Yalvaç’ın el becerisi belki de babasından mirastı. Babası Ali Yalvaç saat tamircisiydi. Şimdiki gibi bozulan ürünü atıp yenisini alma şansınız olmadığından, zamanı gösterecek başka bir cihaz da bulunmadığından, saat kıymetliydi, bozulursa tamir edilmesi gerekiyordu. Tamircinin de işi zordu çünkü malzeme tedarik edemezdi, insan gözünün zor seçtiği parçaları imal etmek gerekiyordu. Ali Dayı, tamircilikten o kadar “ikrah” etmişti ki oğulları Muhlis ile Celal, baba mesleğini devam ettirme “gafletine düşmesinler” diye dükkânı kapatmıştı.
FOTO: Celal Yalvaç ve Fikri Demirtaş
Ama Celal Yalvaç tamircilik kaderinden kaçamamış, Malatya’nın tarihiyle beraber fotoğraf makineleri de üzerine kalmıştı.

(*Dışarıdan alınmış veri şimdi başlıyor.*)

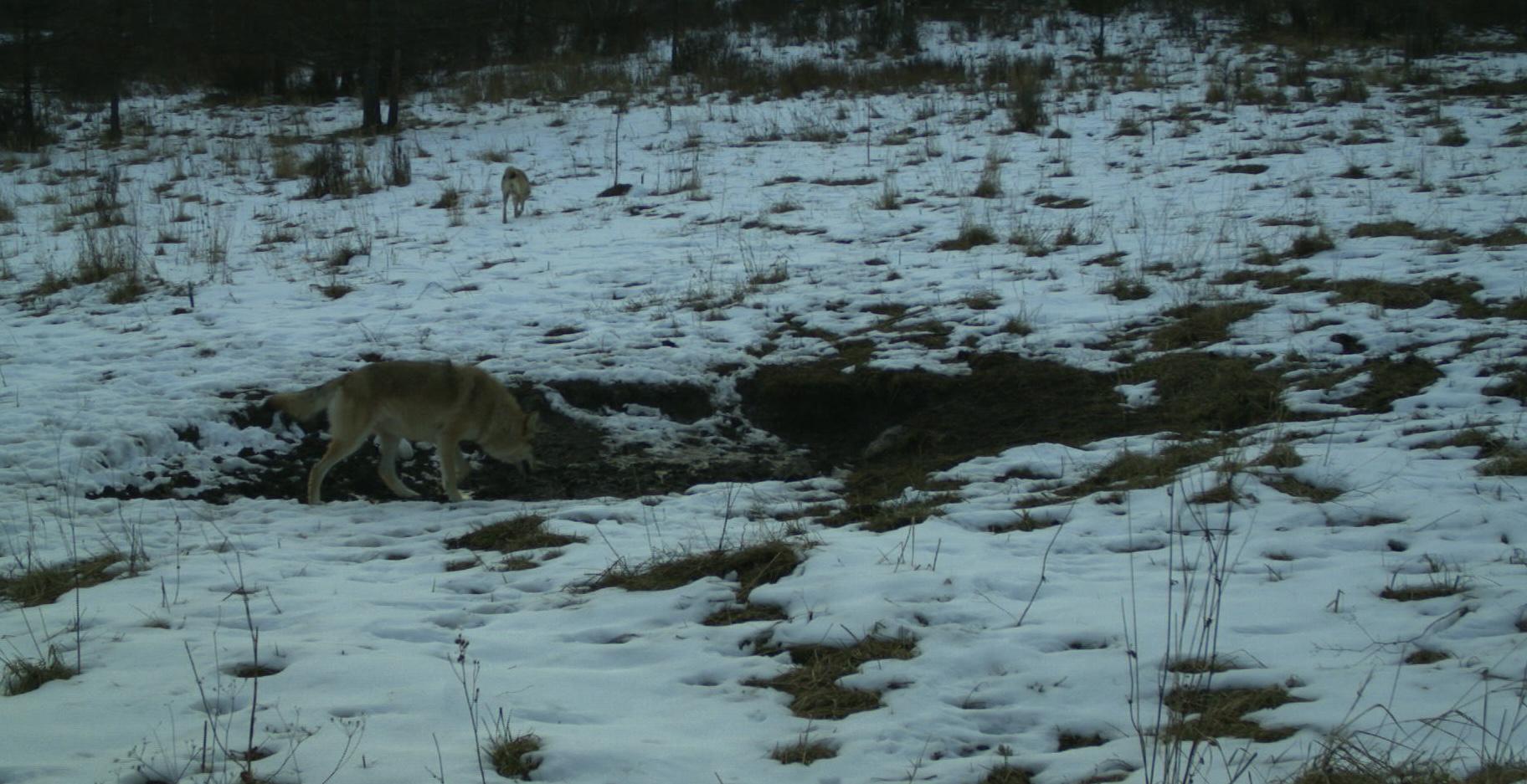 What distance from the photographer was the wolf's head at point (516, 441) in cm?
664

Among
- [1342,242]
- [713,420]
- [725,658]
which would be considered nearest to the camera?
[725,658]

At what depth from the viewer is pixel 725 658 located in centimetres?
387

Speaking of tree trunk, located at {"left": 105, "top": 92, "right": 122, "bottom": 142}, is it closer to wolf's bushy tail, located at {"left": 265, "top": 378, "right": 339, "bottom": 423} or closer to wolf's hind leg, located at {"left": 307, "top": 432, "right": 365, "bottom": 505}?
wolf's bushy tail, located at {"left": 265, "top": 378, "right": 339, "bottom": 423}

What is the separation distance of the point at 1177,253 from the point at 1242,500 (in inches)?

Yalvaç, uzun yıllar gerek Fuzuli caddesinde, gerek Valilik yanındaki Kazancılar İş Hanında fotoğraf makinelerini tamir etti. Tamircilik mesleğine “jübilesini” yaptıransa bir dijital fotoğraf makinesi oldu.
Torunu Levent Barış’ın anlattığına göre, Görüş gazetesinin işinde kullanmak üzere aldıkları dijital fotoğraf makinesi arıza yapmış, Malatya’da tamir ettirme imkânı bulunamamıştır. Zaten yaptırsa da masrafını kurtarmayacaktır. Torun, makineden elini çekmeye çekmiş, yenisini almaya niyet etmiştir ama son kez dedesine göstermek ister. Dede, der, yaptın yaptın, olmazsa canını sıkma, bir şansımızı deneyelim.
Celal Amca makineyi söker, eder derken bir yerinden yaylar, miller, aklınıza ne gelirse fırlar, darmadağın olur. Gayet sakin bir insan olan Usta, parçaları toplar, torununa, “oğlum, Japonya’dan fabrikası gelse bu makineyi düzeltemez” diyerek kutusuna koyup fotoğraf makinesi tamirciliği kariyerinin finalini yapar.
FOTO: Celal Amcanın ofisindeki güzelliklerden ‘Tüylü’ ya da kendisinin taktığı isimle ‘Meraklı’
Celal Amca, aynı zamanda bir 'hayvan çoksever'. Ofisinde, kendisinin 'Meraklı' dediği, adı 'Tüylü' olan Norveç Orman Kedisi- Tekir kırması kedisi, yoğun kültür sohbetleri içerisinde bağımsızlığını ilan etmiş ve hakimiyeti ele almış olarak dolaşır durur. Celal Amcanın masasının üzerinde, kültür sohbetlerinin en meraklı dinleyicisidir.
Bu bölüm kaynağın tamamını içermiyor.